The Queen and The Crown
A Virtual Exhibition of Costumes from “The Queen’s Gambit” and “The Crown”
On view: October 30 – December 13, 2020
The Brooklyn Museum (Online)
In conjunction with the premiere of Netflix’s original limited series The Queen’s Gambit and the upcoming fourth season of The Crown, the Brooklyn Museum presents a virtual exhibition of digitally rendered and interactive 360-degree views of costumes from the two series, along with related objects from our collection, all set within a rendering of the Museum’s soaring Beaux-Arts Court.
Designed by Gabriele Binder, costumes for The Queen’s Gambit reflect the growing sophistication and self-assurance of the main character, fictional 1960s chess champion Elizabeth “Beth” Harmon, often incorporating structural lines and black-and-white patterns, materializing elements of the game into her wardrobe. Emmy-winning costume designer Amy Roberts constructed detailed outfits inspired by looks worn by the formidable twentieth-century British women in The Crown, including Queen Elizabeth II, Princess Margaret, Princess Diana, and Prime Minister Margaret Thatcher.

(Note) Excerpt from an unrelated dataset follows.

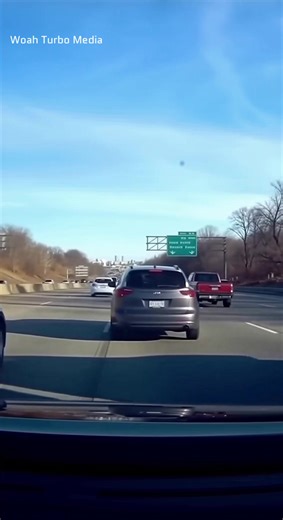 2.2K views · 15 reactions | Dashcam footage captured a terrifying...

Works from the Museum collection were selected by Matthew Yokobosky, Senior Curator, Fashion and Material Culture. Highlights include an example of the ancient Egyptian board game senet (circa 1938–1799 B.C.E.), American photographer Arthur Tress’s Boys on Checker Floor, Far Rockaway, NY (1973), and Guyanese British artist Hew Locke’s Koh-i-noor (2005), a portrait of Queen Elizabeth II made from hundreds of plastic toys and trinkets, among others.
The virtual exhibition draws on our history of organizing and presenting exhibitions connecting fashion design and Museum objects, including Killer Heels: The Art of the High-Heeled Shoe (2014), David Bowie is (2018), and Pierre Cardin: Future Fashion (2019).
The exhibition includes a virtual panel discussion with Binder, Roberts, and Yokobosky, who go behind the scenes to explore insights into the wardrobe creations for the two shows. The panel is moderated by Academy Award–winning costume designer Ruth E. Carter.